- **Exercise requirements**: Set down the lines of the data exactly, starting at the first and stopping after the line containing "Celia Down Coat Black".
START Supplied data
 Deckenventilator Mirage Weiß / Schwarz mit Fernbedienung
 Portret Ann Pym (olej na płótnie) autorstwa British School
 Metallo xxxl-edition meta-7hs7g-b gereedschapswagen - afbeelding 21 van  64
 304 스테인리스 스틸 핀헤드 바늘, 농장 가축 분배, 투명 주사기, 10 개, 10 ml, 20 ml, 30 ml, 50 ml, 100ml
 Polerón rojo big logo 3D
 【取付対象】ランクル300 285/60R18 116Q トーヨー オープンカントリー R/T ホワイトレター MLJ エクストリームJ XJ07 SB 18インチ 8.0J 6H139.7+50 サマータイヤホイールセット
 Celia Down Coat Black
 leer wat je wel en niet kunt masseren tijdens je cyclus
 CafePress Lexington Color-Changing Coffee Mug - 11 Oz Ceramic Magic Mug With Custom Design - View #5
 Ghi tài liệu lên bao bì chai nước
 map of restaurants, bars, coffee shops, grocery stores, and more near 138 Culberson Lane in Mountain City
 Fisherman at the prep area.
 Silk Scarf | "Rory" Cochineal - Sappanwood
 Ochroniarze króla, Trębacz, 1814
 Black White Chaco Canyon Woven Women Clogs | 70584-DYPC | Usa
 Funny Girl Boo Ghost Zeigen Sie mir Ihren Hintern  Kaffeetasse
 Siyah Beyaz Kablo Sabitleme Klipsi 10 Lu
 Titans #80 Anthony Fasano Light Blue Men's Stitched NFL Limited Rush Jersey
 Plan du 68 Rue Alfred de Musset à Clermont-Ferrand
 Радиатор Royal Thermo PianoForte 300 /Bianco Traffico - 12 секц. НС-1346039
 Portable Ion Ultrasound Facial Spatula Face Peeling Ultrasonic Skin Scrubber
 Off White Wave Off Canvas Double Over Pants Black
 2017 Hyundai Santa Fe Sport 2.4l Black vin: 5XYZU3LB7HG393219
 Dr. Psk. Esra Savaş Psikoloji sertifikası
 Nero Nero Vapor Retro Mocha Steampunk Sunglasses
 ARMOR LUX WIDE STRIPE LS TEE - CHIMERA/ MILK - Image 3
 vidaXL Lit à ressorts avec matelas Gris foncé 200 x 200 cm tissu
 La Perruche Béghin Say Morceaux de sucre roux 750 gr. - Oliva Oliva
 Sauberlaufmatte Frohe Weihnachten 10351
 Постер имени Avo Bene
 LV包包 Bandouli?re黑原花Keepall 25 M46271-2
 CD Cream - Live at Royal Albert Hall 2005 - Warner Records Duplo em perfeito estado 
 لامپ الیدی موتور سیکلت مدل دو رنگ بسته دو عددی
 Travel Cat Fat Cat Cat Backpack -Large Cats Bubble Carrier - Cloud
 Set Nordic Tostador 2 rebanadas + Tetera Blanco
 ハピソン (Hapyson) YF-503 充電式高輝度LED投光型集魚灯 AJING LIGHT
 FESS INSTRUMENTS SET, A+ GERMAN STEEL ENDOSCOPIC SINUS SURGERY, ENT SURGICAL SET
END Supplied data
- **Written answer**:
 Deckenventilator Mirage Weiß / Schwarz mit Fernbedienung
 Portret Ann Pym (olej na płótnie) autorstwa British School
 Metallo xxxl-edition meta-7hs7g-b gereedschapswagen - afbeelding 21 van  64
 304 스테인리스 스틸 핀헤드 바늘, 농장 가축 분배, 투명 주사기, 10 개, 10 ml, 20 ml, 30 ml, 50 ml, 100ml
 Polerón rojo big logo 3D
 【取付対象】ランクル300 285/60R18 116Q トーヨー オープンカントリー R/T ホワイトレター MLJ エクストリームJ XJ07 SB 18インチ 8.0J 6H139.7+50 サマータイヤホイールセット
 Celia Down Coat Black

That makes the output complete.